======== Source information ========

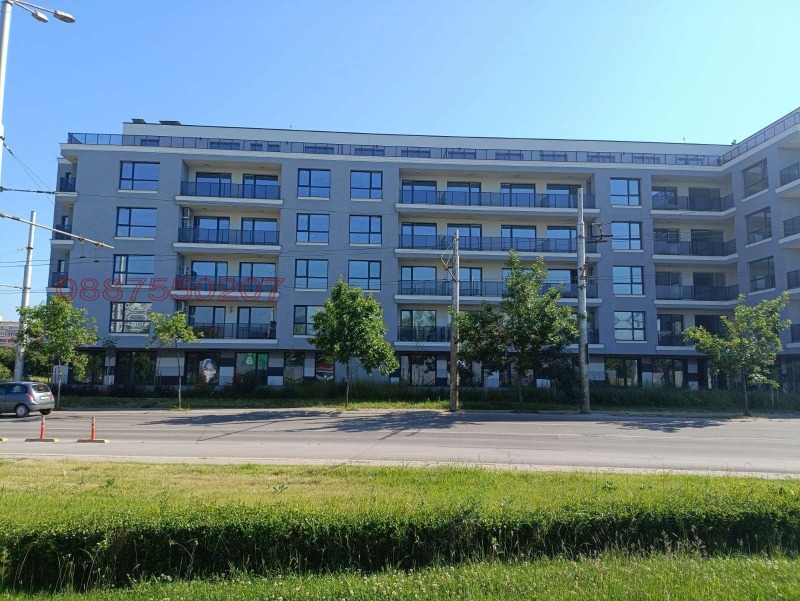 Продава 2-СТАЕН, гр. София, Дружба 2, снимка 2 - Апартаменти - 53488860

========
======== Source information ========

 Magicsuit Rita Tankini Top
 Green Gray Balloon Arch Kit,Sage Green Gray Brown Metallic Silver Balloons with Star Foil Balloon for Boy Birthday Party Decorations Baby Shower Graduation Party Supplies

========

▸ Aim of the task
I'd like the lines above from the one with "Magicsuit Rita Tankini Top" up to and including the one with "Green Gray Balloon" copied exactly, with no other lines.

▸ Solution
 Magicsuit Rita Tankini Top
 Green Gray Balloon Arch Kit,Sage Green Gray Brown Metallic Silver Balloons with Star Foil Balloon for Boy Birthday Party Decorations Baby Shower Graduation Party Supplies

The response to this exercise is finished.